Ashley and I like to talk about the fact that we believe that you have to give trust to get trust. So, those leaders, they’re putting in place those productivity trackers, they may be eroding trust unintentionally. Instead, if they could flip that, extending trust to their employees and measuring it, so that they can proactively build it, we think that is an important approach going forward.

Mahan Tavakoli: 

So would love to dig into that a little bit more Amelia. On Tuesdays, my conversations are with CEOs in the Greater Washington DC region, and at least half a dozen of them have mentioned their trust had been betrayed by someone. So they told me, whether they called it the Reagan rule or what avails, trust what verifies. 

You also mentioned granting of that trust. Where is the balance between granting of trust and then trust but verify?

Ashley Reichheld: 

I think you actually said it, which is in all of the research we uncovered, you have to give trust to get trust. And so, if you are beginning from a point of mistrust, you're actually trying to work yourself out of a hole. So it's really important, particularly as an organization, managing workers to be the one to extend trust and indicate that trust is there until it's not there, or until there's a reason to pull it away. 
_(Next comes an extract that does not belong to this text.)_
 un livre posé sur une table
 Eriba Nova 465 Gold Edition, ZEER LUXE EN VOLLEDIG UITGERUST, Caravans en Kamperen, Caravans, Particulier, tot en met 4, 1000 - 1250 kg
This is why when we think about things like worker productivity. Our policy, or what we tell companies is you're measuring the wrong thing, you're measuring an outcome. But what you should be measuring is the driver of that productivity.

We know, for example, that when workers trust their employer, 80% almost are motivated to work versus just 30% who don't trust. So, there's a massive gap in terms of what trust drives. And so, rather than think about measuring the outcomes, think about measuring the drivers. Think about what's going to promote the positive things that you wanna see versus measuring the negative outcome of it. 

Because very likely if you were to do that research, you'll find out that the people you're tracking, mouse movement for, don't really trust you and don't understand why you're doing that anyway.

Amelia Dunlop:

 Yeah. And I think on the more personal leader side, you mentioned leaders talking to you about what. Is lost. One of the things that we found is most people don't wanna have a conversation about trust until after trust is broken. It's not the topic of conversation until you've had a trust event, and it can be a product recall, it can be an issue with your employee population. 

But it also can equally be an issue between two leaders, or in organizations. And I think, we've all had those experiences and while we set out to create this measurement system to help organizations and brands, we've also personally both used the four factors of trust in our own relationship with each other, but also with our teams as part of our leadership philosophies.

Mahan Tavakoli: 

And in order for us to be able to do that. I think one of the things that I also typically recommend to leaders is that we can't rely just on outlier past experiences to determine how we behave in the future. And a lot of times, in these instances, people use one time when their trust was portrayed three years ago, and that's why they can't trust anyone else ever again.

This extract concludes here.